Insomma, sul futuro del prezzo del petrolio non sembra esserci convergenza di opinioni. Sembra invece che l’unico vero ‘vincente’ dei prossimi mesi possa essere l’oro. Il cui rally è stato guidato in gran parte dalla Federal Reserve statunitense che ha adottato una politica monetaria più accomodante. Con i mercati che scontano un taglio dei tassi nella prossima riunione del FOMC del 30 e 31 luglio, è probabile che l’oro continui ad essere sostenuto dal sentiment degli investitori. Una previsione peraltro confermata anche dalle posizioni speculative sul metallo prezioso che sono nettamente aumentate nelle ultime settimane raggiungendo i picchi registrati negli ultimi anni soltanto in occasione del referendum della Brexit del 2016.
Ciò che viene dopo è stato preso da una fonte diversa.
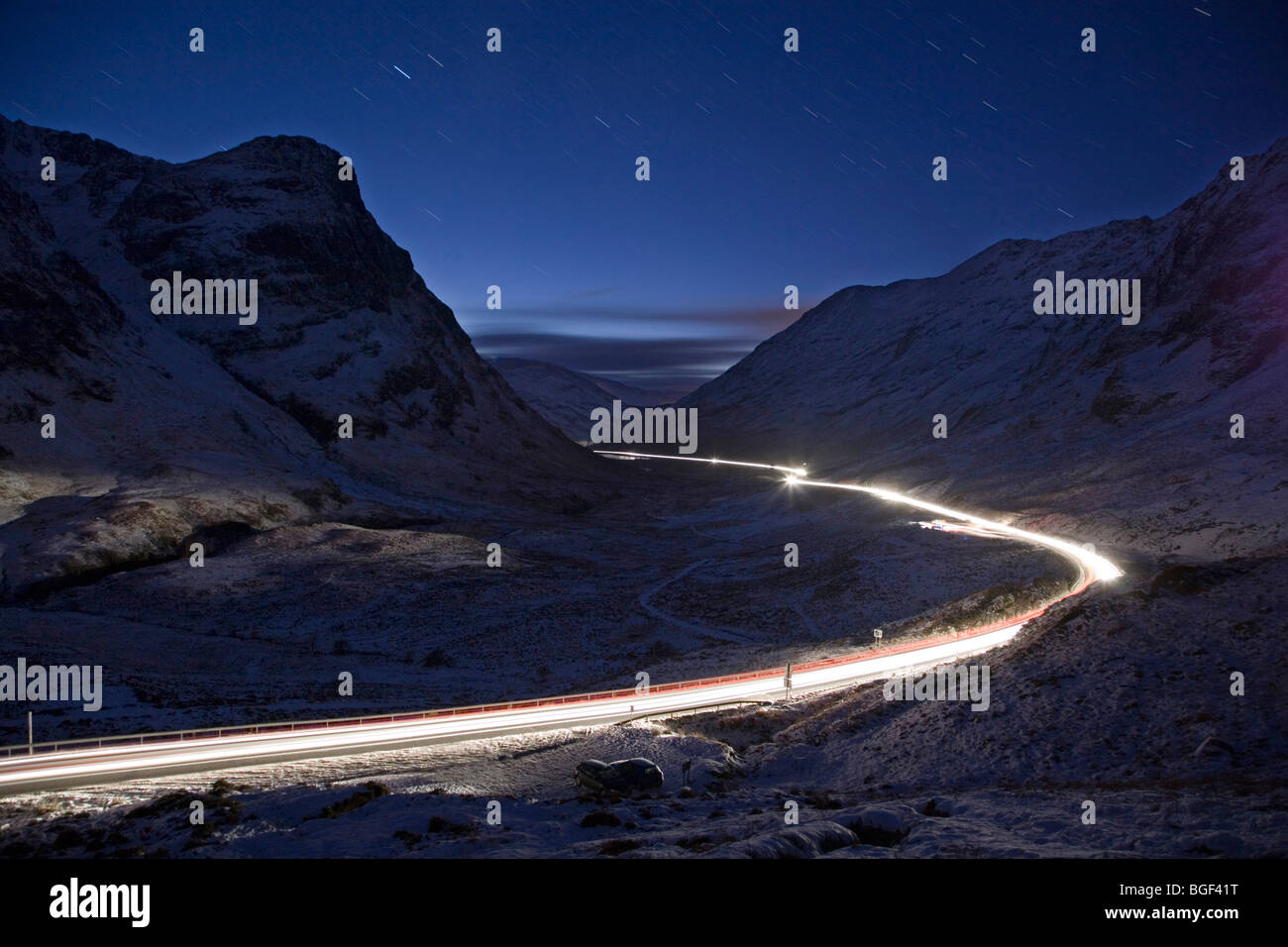 Traffic moves through the Pass of Glencoe, Scotland at night fall following the end of the Christmas holidays. Stock Photo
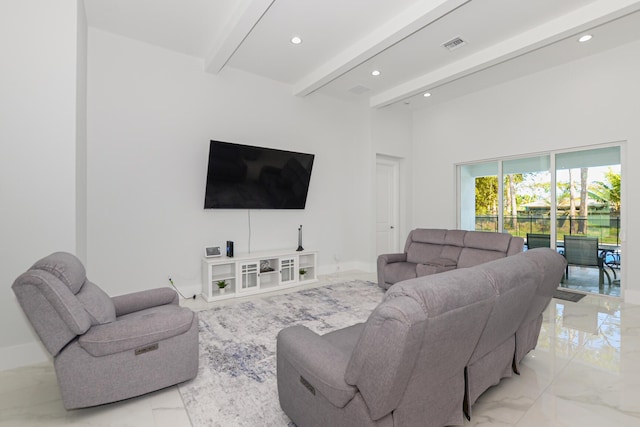 living room featuring beamed ceiling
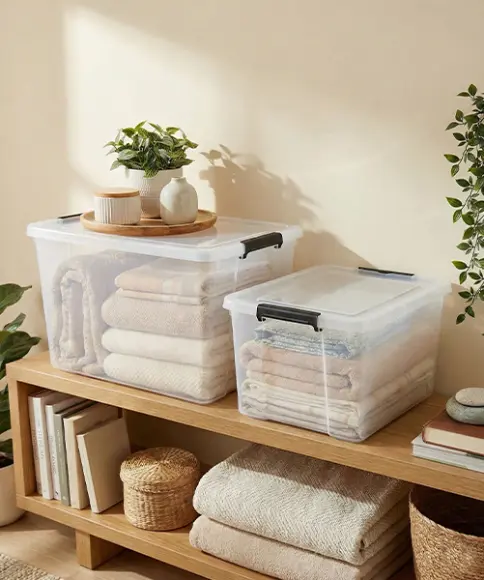 Zwei transparente Aufbewahrungsboxen mit gefalteten Textilien auf einem Holzregal, dekoriert mit Pflanzen und Körben.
ORO A 1.480 DOLLARI L’ONCIA ENTRO SECONDO TRIMESTRE 2020


Una Fed accomodante manterrà bassi i rendimenti dei Treasury USA e, al contempo, addomesticherà la forza del dollaro. Questo offrirà un solido supporto ai prezzi del metallo prezioso. “Prevediamo che i prezzi dell'oro saliranno a 1480 dollari l’oncia entro la fine del secondo trimestre del 2020 in assenza di un importante evento negativo. Considerati i rischi macroeconomici e geopolitici globali, crediamo che l'inclinazione dei rischi per i prezzi dell'oro sia al rialzo” riferiscono gli esperti di WisdomTree.